▶ [YOUR INSTRUCTIONS] Every line from the first one in the listing down to the line with "Napeague Apartment |" should be restated word for word.

▶ [GIVEN RECORDS]
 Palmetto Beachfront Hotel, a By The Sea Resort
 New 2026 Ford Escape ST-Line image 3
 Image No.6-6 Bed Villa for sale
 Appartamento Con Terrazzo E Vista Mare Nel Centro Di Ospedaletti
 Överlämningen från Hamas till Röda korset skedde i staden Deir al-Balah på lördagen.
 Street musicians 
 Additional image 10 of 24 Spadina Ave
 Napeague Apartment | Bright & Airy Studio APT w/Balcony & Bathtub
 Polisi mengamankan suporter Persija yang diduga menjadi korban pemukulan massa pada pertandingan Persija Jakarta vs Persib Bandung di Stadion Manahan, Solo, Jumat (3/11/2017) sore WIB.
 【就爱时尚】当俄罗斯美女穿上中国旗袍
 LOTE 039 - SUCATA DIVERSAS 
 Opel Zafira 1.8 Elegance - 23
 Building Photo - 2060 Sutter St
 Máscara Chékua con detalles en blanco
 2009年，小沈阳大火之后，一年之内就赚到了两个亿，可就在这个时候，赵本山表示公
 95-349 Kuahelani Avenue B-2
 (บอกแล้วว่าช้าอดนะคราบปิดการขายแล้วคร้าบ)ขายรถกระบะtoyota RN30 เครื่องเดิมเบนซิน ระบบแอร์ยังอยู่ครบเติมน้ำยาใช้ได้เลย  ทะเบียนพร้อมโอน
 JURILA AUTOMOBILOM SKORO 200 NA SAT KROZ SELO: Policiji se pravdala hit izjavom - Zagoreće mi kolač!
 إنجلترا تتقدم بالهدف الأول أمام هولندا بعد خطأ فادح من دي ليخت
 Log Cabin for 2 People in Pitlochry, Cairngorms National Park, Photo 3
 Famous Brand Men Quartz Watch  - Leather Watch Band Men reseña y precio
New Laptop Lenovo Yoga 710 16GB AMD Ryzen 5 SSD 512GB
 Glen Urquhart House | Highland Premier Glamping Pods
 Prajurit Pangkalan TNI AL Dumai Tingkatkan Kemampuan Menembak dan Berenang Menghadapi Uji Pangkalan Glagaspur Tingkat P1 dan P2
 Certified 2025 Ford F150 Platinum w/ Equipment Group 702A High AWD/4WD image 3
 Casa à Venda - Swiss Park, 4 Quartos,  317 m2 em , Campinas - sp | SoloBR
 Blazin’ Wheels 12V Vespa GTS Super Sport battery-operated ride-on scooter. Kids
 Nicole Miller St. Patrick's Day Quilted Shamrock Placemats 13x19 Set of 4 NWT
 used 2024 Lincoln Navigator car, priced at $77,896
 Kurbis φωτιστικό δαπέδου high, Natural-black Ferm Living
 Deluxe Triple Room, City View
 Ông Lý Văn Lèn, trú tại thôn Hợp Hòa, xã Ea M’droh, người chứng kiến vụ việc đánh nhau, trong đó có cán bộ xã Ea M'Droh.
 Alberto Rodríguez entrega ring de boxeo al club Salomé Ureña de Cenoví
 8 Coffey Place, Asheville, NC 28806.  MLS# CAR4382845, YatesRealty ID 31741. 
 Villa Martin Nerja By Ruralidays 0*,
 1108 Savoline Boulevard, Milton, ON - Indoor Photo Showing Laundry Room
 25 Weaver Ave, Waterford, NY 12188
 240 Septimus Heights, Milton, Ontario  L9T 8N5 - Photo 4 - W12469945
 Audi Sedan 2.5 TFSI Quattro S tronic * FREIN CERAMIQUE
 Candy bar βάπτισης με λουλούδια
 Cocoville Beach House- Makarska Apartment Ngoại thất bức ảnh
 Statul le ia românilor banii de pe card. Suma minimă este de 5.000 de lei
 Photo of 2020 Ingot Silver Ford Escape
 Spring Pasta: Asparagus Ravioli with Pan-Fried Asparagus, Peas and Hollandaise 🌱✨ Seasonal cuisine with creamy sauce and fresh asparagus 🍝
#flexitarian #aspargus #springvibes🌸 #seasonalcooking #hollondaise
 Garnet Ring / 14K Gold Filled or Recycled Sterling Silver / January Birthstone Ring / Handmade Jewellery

▶ [ANSWER BELOW]
 Palmetto Beachfront Hotel, a By The Sea Resort
 New 2026 Ford Escape ST-Line image 3
 Image No.6-6 Bed Villa for sale
 Appartamento Con Terrazzo E Vista Mare Nel Centro Di Ospedaletti
 Överlämningen från Hamas till Röda korset skedde i staden Deir al-Balah på lördagen.
 Street musicians 
 Additional image 10 of 24 Spadina Ave
 Napeague Apartment | Bright & Airy Studio APT w/Balcony & Bathtub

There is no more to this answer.